Relations between Sri Lanka and Palestine were repeatedly reaffirmed through mutual state visits and diplomatic exchanges between 2009 and 2014 (that is, during Rajapaksa’s second term). Having said that, it must be emphasized that this connection is not based exclusively on Sri Lanka’s current Muslim demography. Ceylon’s links with the Arabs in West Asia predates the birth of Islam in the seventh century CE. Jews also had as ancient a friendly presence in the land of the Sinhalese (Ceylon) as traders, according to the island’s historical records.
Actually, in modern times, Ceylonese (Sri Lankan) collaboration with Israel started more than a quarter century before Lankan diplomatic relations with Palestine began in 1975 with the opening up of an embassy by the Palestine Liberation Organisation (PLO) in Colombo.

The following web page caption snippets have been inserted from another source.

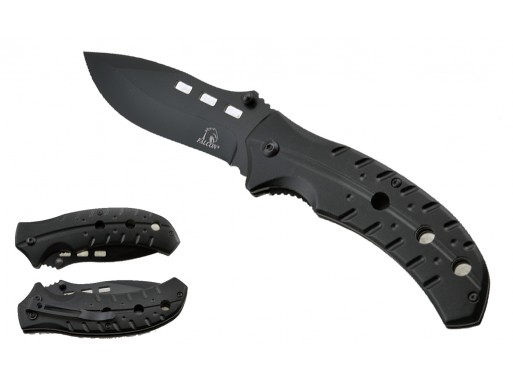 Falcon Spring Assisted Pocket Knife KS8604BK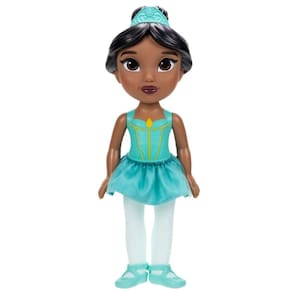 Boneca Disney Princesa Bailarina - Jasmine - Multikids Unica Boneca Disney Princesa Bailarina - Jasmine - Multikids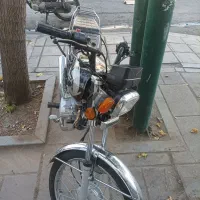 هندا ۱۲۵ استارتی مدل ۱۴۰۱|موتورسیکلت|تهران, فلسطین (میدان انقلاب)|دیوار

On the other hand, the State of Israel was founded on May 14, 1948 by the British as envisaged in the Balfour Declaration of 1917. This was just over two months after Sri Lanka gained its own independence from Britain on February 4. Whereas most of its neighbours refused to recognise or support Israel then, Sri Lanka under its first prime minister D.S. Senanayake did recognise the Jewish state and started buying weapons from it, including the River-Class navy frigate HMCyS Gajabahu, later named SLNS Gajabahu (Source: Wikipedia).
Sarvajana Balaya’s message of solidarity delivered to the Palestine ambassador on behalf of all Sri Lankans would have sounded more sincere if it had been less judgemental towards Israel. The SB representatives didn’t care or dare to make the faintest reference to Israel, let alone invoke, for humanity’s sake, the abhorrent memory of the horrendous genocidal raid by heavily armed Hamas terrorists on innocent Israeli civilians, still asleep, on that early morning of October 7, 2023. For the SB’s message of solidarity to be of any potential value for global peacemaking efforts in this conflict zone, its unequivocal denunciation of Israel should have been balanced by a similarly unambiguous condemnation of the horrific Hamas terrorism that provoked the massive Israeli military operations in Gaza that continue to this day.
Important caveat:
I have the highest respect for the great Palestinian people, and recognize their sovereignty and independence. I fully empathise with them over their undeserved suffering. I equally well recognize and respect the great people of Israel, the only democratic nation in the region, and deeply empathise with them over the miseries inflicted on them by terrorists. As a senior Sri Lankan of cosmopolitan views, rooted in the Sinhalese Buddhist culture which has a natural resonance with cosmopolitanism, it is my sincere and fervent hope to see these two great nations (Israeli Jews and Palestinian Arabs) living peacefully side by side as gracious neighbours in the near future.